[[ Study material, beginning ]]

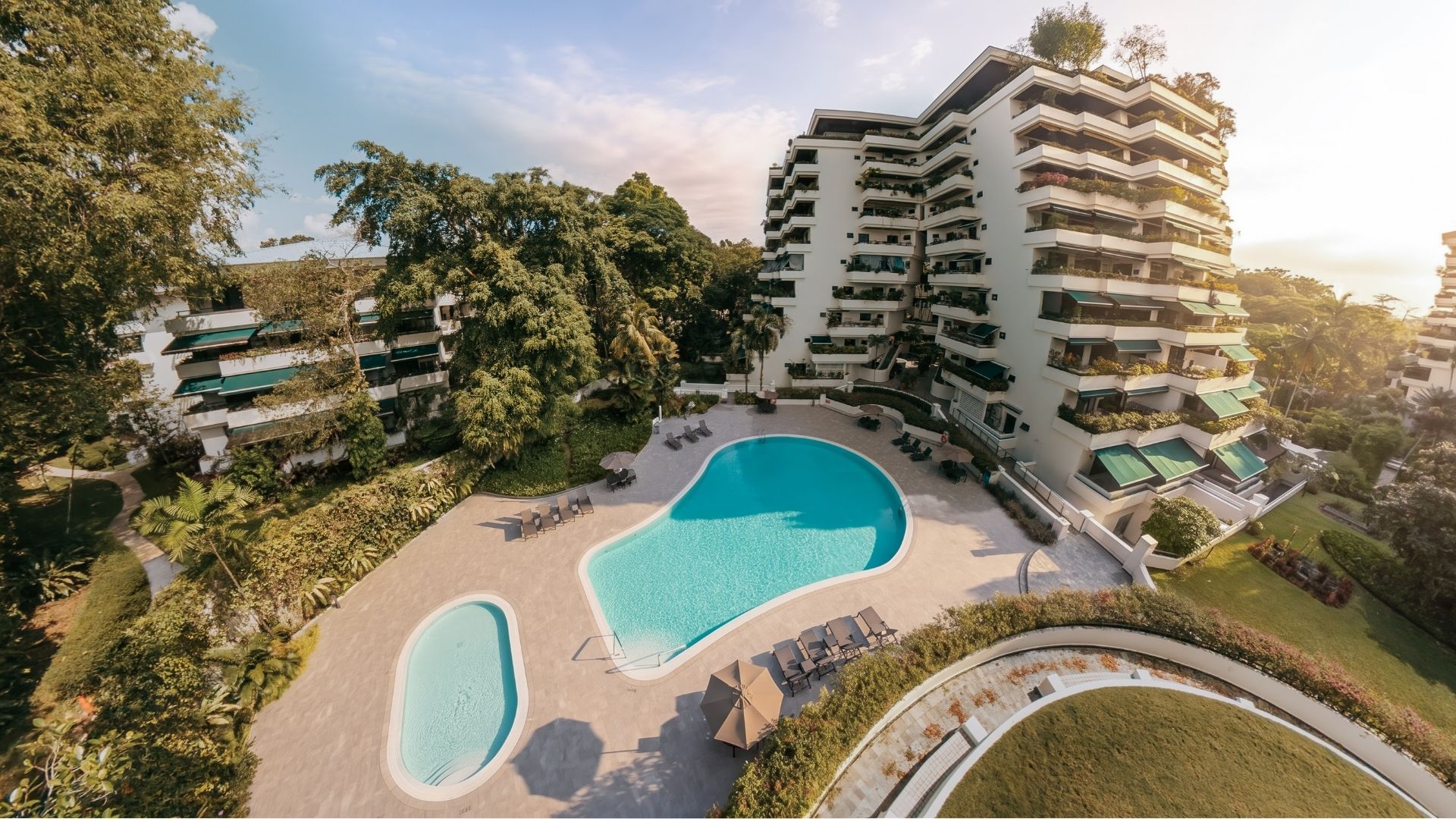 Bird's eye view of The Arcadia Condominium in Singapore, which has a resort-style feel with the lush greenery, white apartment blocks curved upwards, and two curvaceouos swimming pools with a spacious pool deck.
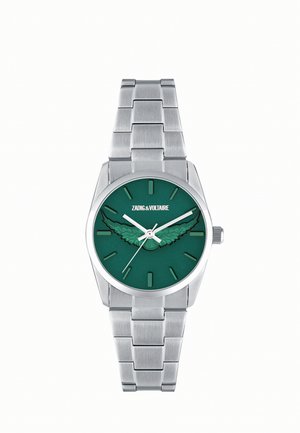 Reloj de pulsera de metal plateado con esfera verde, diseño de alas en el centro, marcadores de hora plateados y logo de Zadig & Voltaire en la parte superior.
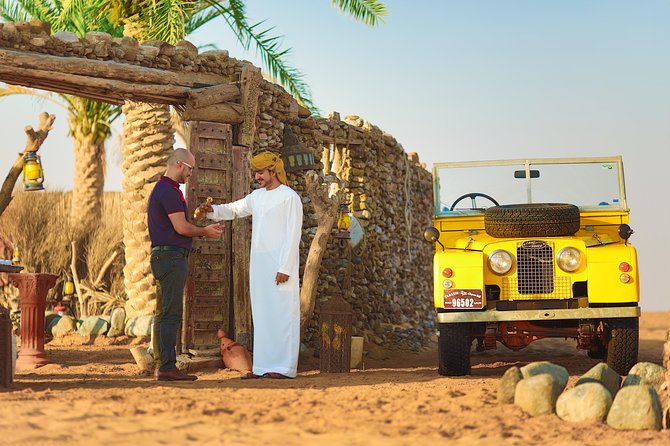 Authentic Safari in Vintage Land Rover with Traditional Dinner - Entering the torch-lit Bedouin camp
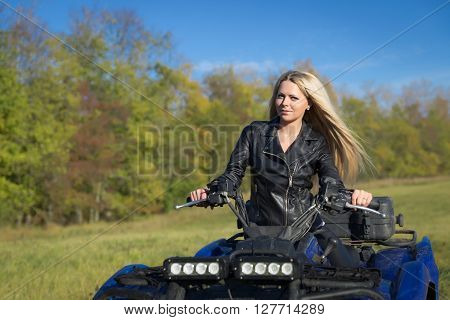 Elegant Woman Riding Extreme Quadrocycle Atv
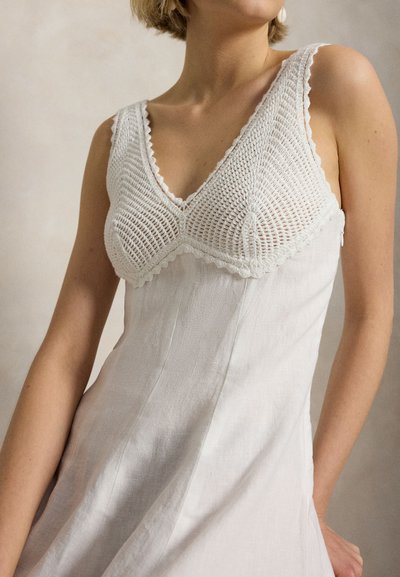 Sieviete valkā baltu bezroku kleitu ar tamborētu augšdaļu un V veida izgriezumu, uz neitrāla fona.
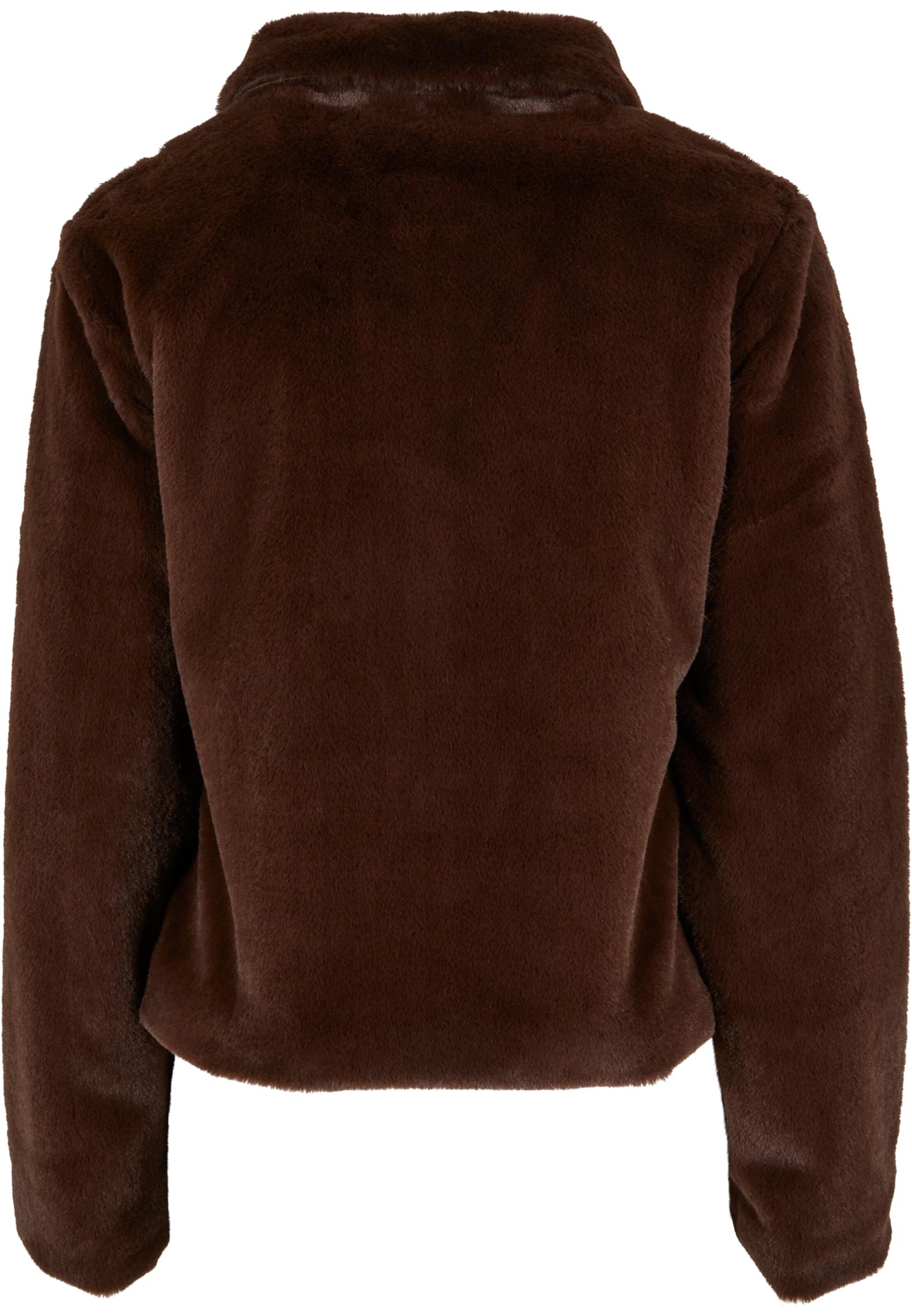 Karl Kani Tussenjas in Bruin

[[ Study material, end ]]

# Exercise prompt
Each word of the data should be repeated exactly, and the pictures left out.

# Answer box
 Bird's eye view of The Arcadia Condominium in Singapore, which has a resort-style feel with the lush greenery, white apartment blocks curved upwards, and two curvaceouos swimming pools with a spacious pool deck.
 Reloj de pulsera de metal plateado con esfera verde, diseño de alas en el centro, marcadores de hora plateados y logo de Zadig & Voltaire en la parte superior.
 Authentic Safari in Vintage Land Rover with Traditional Dinner - Entering the torch-lit Bedouin camp
 Elegant Woman Riding Extreme Quadrocycle Atv
 Sieviete valkā baltu bezroku kleitu ar tamborētu augšdaļu un V veida izgriezumu, uz neitrāla fona.
 Karl Kani Tussenjas in Bruin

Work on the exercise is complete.